Here are some specific examples of ways to key into various emotions, such as how to:
- Tell users to take action. "Children’s lives need saving" differs from "Save children’s lives."
- Create urgency. "Double your donation" differs from "Double your donation before our challenge expires."
- Get readers curious. "You won’t believe this!" differs from "Do you know how many people are hungry in our community?" Don’t overpromise and then deliver up something that’s not all that incredible. No one likes to feel duped into clicking.
- Kick up excitement. "Our 100th anniversary is this Saturday" differs from "Join us Saturday for the celebration!"
- Inspire happiness. "Thanks for giving" differs from "Thanks for giving, and double your money today."
- Ask a good question. "What worries you most about homeless kids?" differs from "What’s the biggest problem homeless kids face?" Open-ended questions work well for face-to-face asks, when you want to get your donor talking. For email subject lines, close-ended questions (that imply you’ll offer the answer inside) work better because they don’t require your donor to think too much—which can cause them to hit "delete."

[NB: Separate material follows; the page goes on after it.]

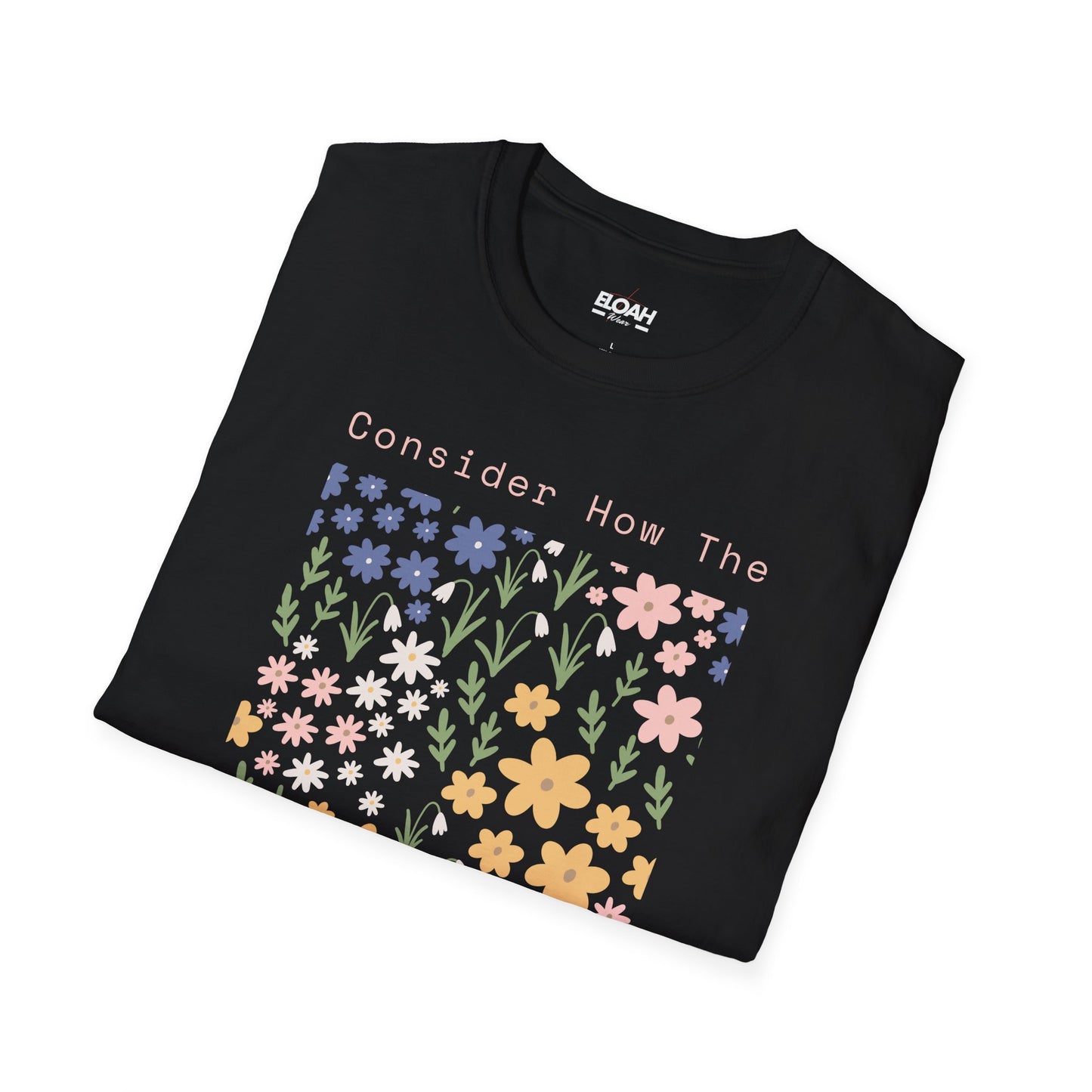Consider How The Wildflowers Grow T-Shirt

- Sound human. "Your help is needed" differs from "Could you help Jimmy out?"
- Be more concise. “Announcing your chance to buy raffle tickets for our 10th anniversary gala” differs from “Anniversary gala: Buy your raffle tickets now”
Co-Schedule also offers some easy subject-line templates you can use as guidelines.
Test
Once you have options, it’s time to consider some testing. The easiest is the A/B test. The key is to try only one variable per test, otherwise you won’t know which one caused the difference in behavior. In other words, test the subject lines only; don’t test the graphics or internal copy or who the email comes from at the same time. Then see how opens, click-throughs and conversions (i.e., responses to your calls to action, such as attending an event, signing a petition, sharing your email, making a donation, etc.) compare.
When you’re coming up with your A and B options, Co-Schedule suggests five different approaches to give you the biggest bang for your testing buck:
- Test different value propositions. Perhaps your email shows readers the value of giving to leverage a challenge grant and the value of giving to feed a homeless person. Write a headline that focuses separately on each value. Then, see which performs best. If they perform equally well, you can use them both for a series of emails within a consolidated campaign.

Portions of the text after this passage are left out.